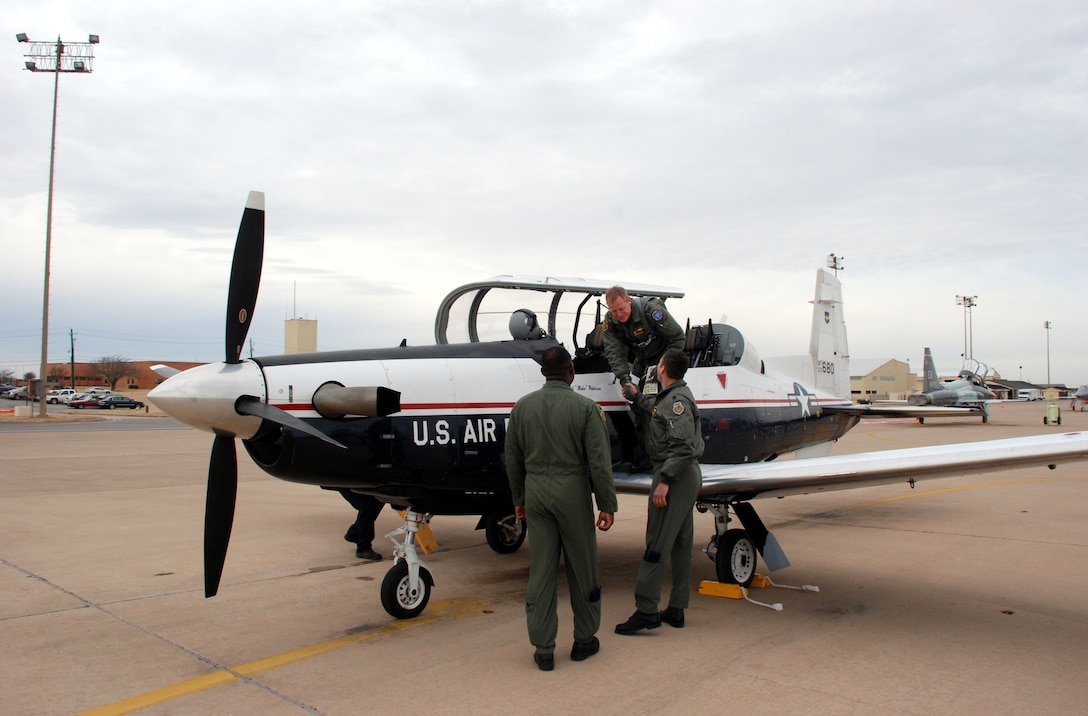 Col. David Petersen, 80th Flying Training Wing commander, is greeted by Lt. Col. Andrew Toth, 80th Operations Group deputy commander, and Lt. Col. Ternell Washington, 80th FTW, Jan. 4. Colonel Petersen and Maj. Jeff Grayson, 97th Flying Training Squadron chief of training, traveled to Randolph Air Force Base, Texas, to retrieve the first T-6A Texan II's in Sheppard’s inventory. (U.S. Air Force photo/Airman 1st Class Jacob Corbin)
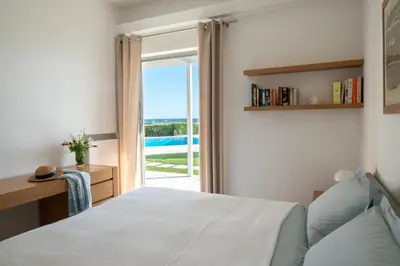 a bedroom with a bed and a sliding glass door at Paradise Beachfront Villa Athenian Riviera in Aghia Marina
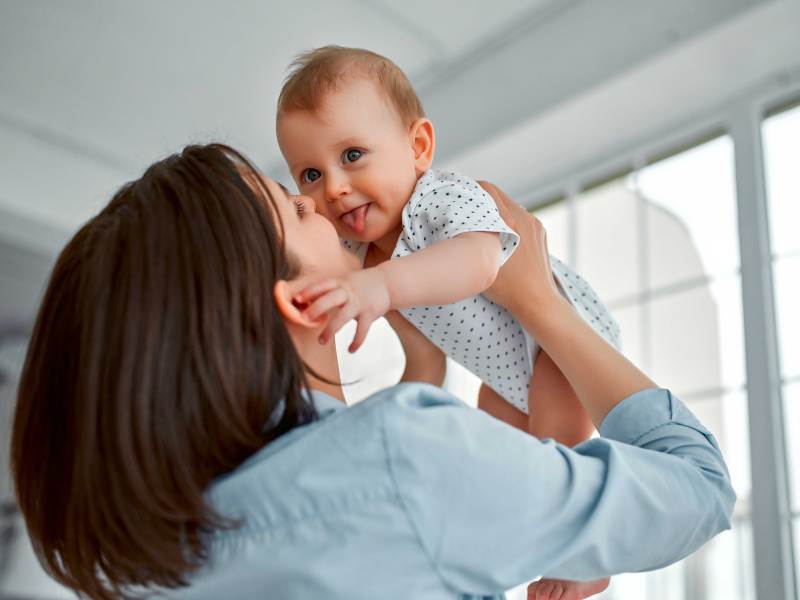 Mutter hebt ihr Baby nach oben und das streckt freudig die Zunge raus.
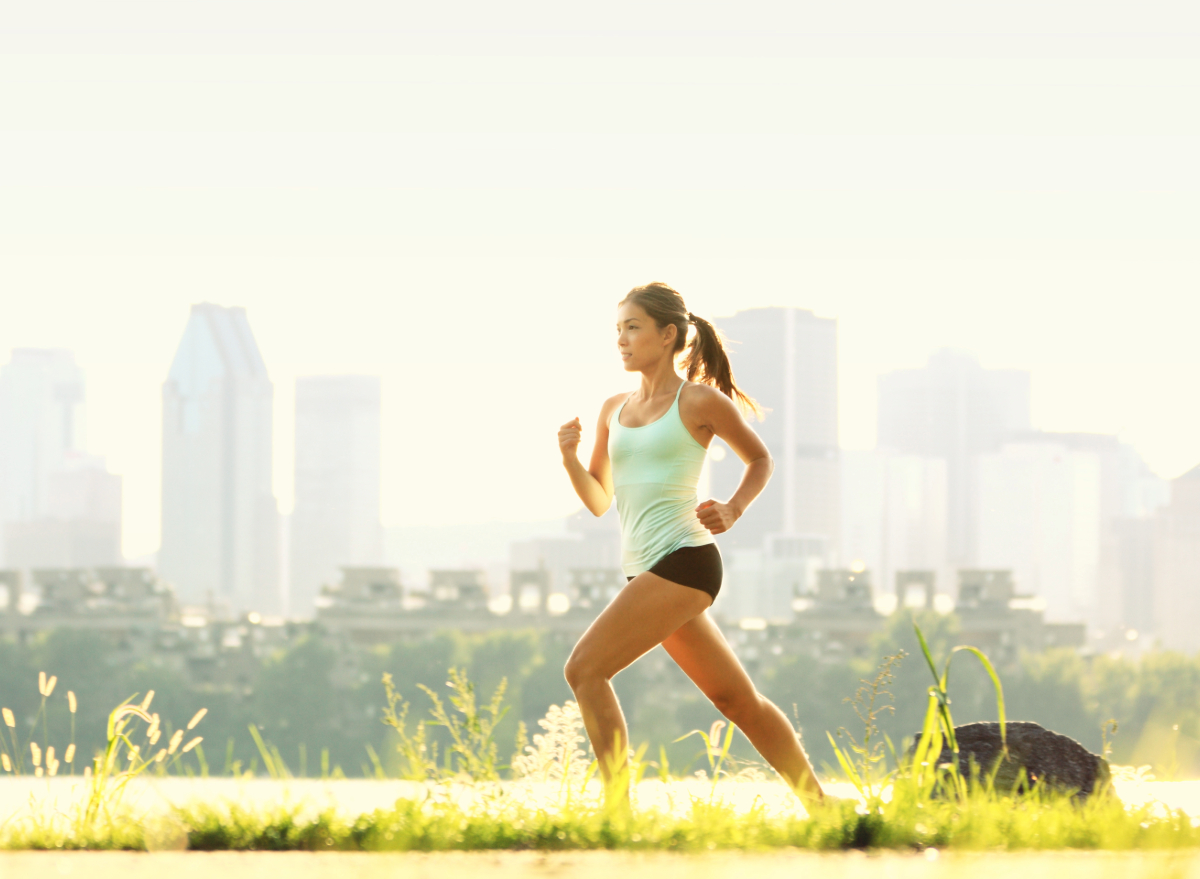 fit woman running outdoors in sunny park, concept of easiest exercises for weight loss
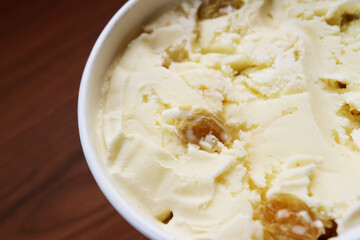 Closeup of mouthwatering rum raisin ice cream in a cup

★ ★ ★

What you are asked to do:
Set each line of the records down again exactly as it reads. Omit the pictures.

Output below:
 Col. David Petersen, 80th Flying Training Wing commander, is greeted by Lt. Col. Andrew Toth, 80th Operations Group deputy commander, and Lt. Col. Ternell Washington, 80th FTW, Jan. 4. Colonel Petersen and Maj. Jeff Grayson, 97th Flying Training Squadron chief of training, traveled to Randolph Air Force Base, Texas, to retrieve the first T-6A Texan II's in Sheppard’s inventory. (U.S. Air Force photo/Airman 1st Class Jacob Corbin)
 a bedroom with a bed and a sliding glass door at Paradise Beachfront Villa Athenian Riviera in Aghia Marina
 Mutter hebt ihr Baby nach oben und das streckt freudig die Zunge raus.
 fit woman running outdoors in sunny park, concept of easiest exercises for weight loss
 Closeup of mouthwatering rum raisin ice cream in a cup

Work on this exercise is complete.